Through personal narratives from twelve survivors, Chinese Comfort Women reveals the unfathomable atrocities committed against women during the Asia-Pacific War and correlates the proliferation of “comfort stations” with the progression of Japan’s military offensive. Drawing on investigative reports, local histories, and witness testimony, this book puts a human face on China’s war experience and on the injustices suffered by hundreds of thousands of Chinese women.
Peipei Qiu is Professor of Chinese and Japanese and Director of the Asian Studies Program at Vassar College.
Su Zhiliang is Professor of History, Dean of the Faculty of Humanities and Communication, and Director of the Research Center for Chinese “Comfort Women” at Shanghai Normal University.
Chen Lifei is Professor of Journalism, Chair of the Department of Publishing and Media Studies, and Deputy Director of the Center for Women’s Studies at Shanghai Normal University.
“This book is heart-rending and courageous.

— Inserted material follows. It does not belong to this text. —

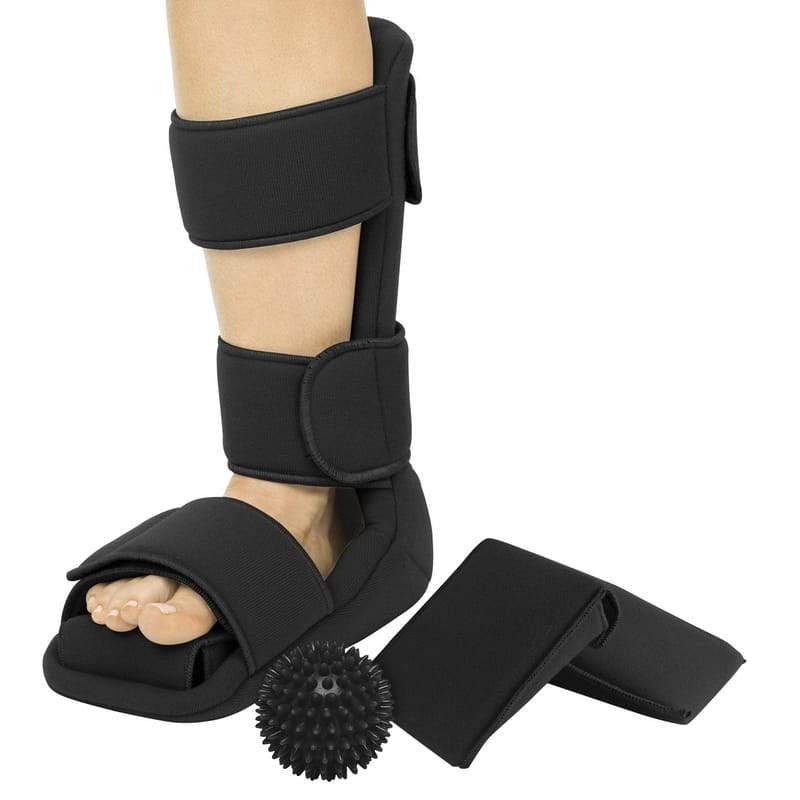 Quanquer-Plantar Fasciitis Night Splint Foot : : Health, Household  and Personal Care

It gives voice, for the first time in English, to the Chinese women enslaved by the Japanese armies during the invasion and occupation of China. I finished it with a great respect for the victims whose stories are told here and for the historians who have brought them to light.”
—Diana Lary, author of The Chinese People at War: Human Suffering and Social Transformation, 1937–1945
“The individual histories documented in this book are very moving, particularly because they include discussion of the family backgrounds of these women before the war and of their experiences in later life.”
—Tessa Morris-Suzuki, author of Borderline Japan: Foreigners and Frontier Controls in the Postwar Era
“This book provides an excellent analysis of the scope, nature, and prevalence of comfort stations in China and documents the lived experiences of Chinese comfort women. It expertly knits together a range of invaluable primary sources hitherto only available in Chinese, with secondary documentation in Japanese, Chinese, and English.”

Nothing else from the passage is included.